### Problem details
Return nothing but the lines from the one containing "Drawers, Adjustable Shelves" through the end of the records below, exactly as they stand and without pictures.

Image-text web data

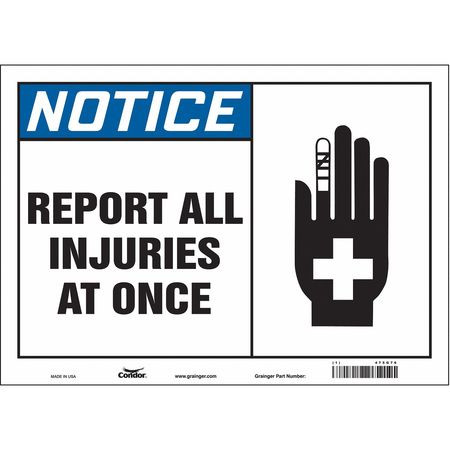 CONDOR USA INC 475G76 SAFETY SIGN,10 IN X 14 IN,VINYL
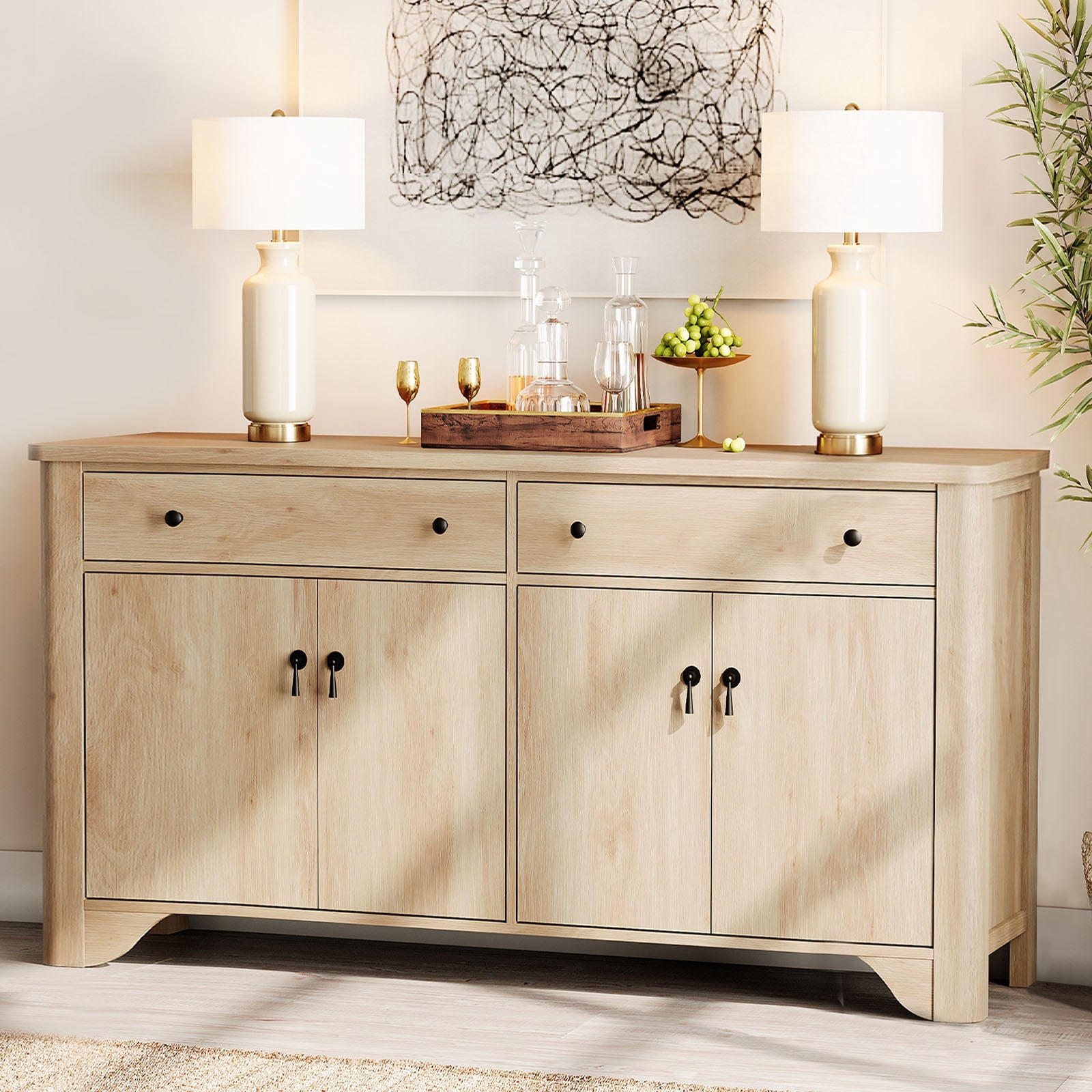 59" Wide Sideboard Buffet With 4 Doors And 2 Drawers, Adjustable Shelves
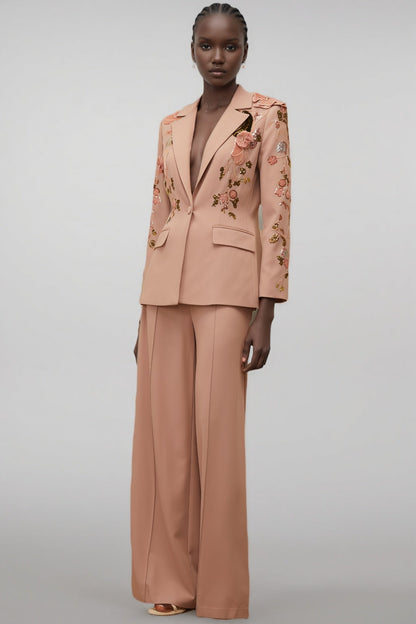 Annabelle Dusty Pink Sequined Floral Blazer Trousers Set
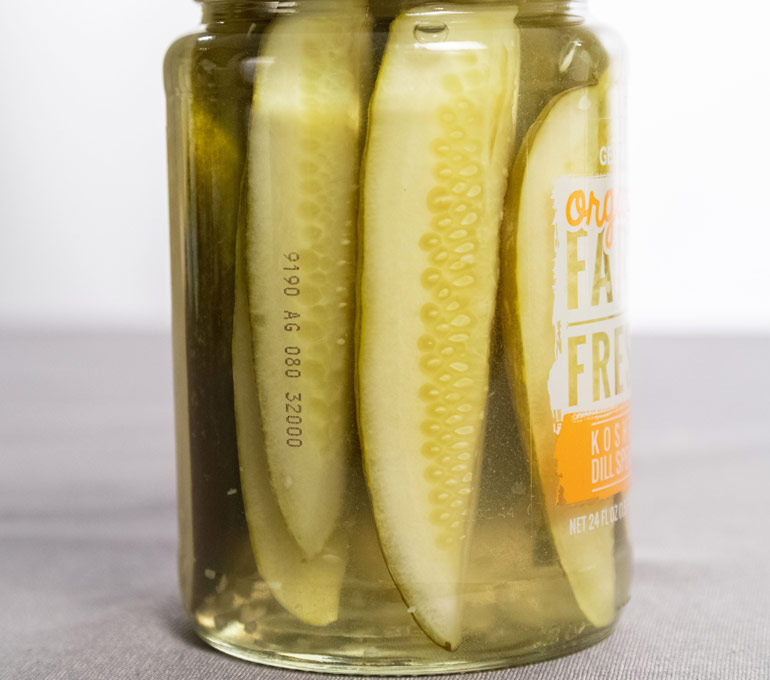 pickles jar with serial number on side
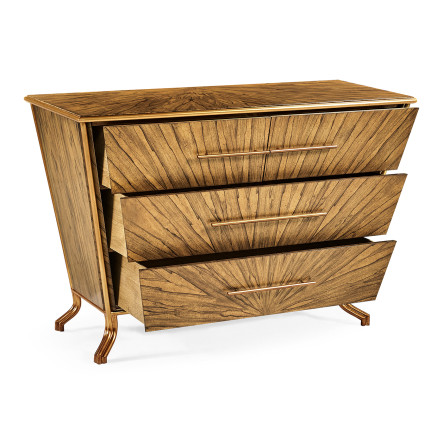Argentinian walnut veneered tapering chest of drawers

### Response below
 59" Wide Sideboard Buffet With 4 Doors And 2 Drawers, Adjustable Shelves
 Annabelle Dusty Pink Sequined Floral Blazer Trousers Set
 pickles jar with serial number on side
Argentinian walnut veneered tapering chest of drawers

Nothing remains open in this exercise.